• _PROVIDED DATA_
━━━
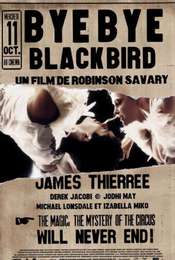 Bye Bye Blackbird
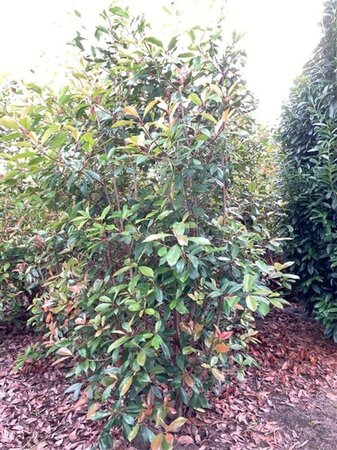 Photinia fraseri 'Red Robin'= 'Roodborstje' 200-250 cm draadkluit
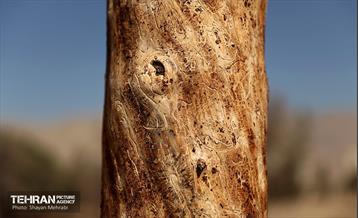 بازدید اصحاب رسانه از روند انجام عملیات احیای چیتگر 50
━━━
• _ACTIVITY_
Whenever you reach a picture, pass over it; print all the other material exactly.

• _TASK OUTPUT_
 Bye Bye Blackbird
 Photinia fraseri 'Red Robin'= 'Roodborstje' 200-250 cm draadkluit
 بازدید اصحاب رسانه از روند انجام عملیات احیای چیتگر 50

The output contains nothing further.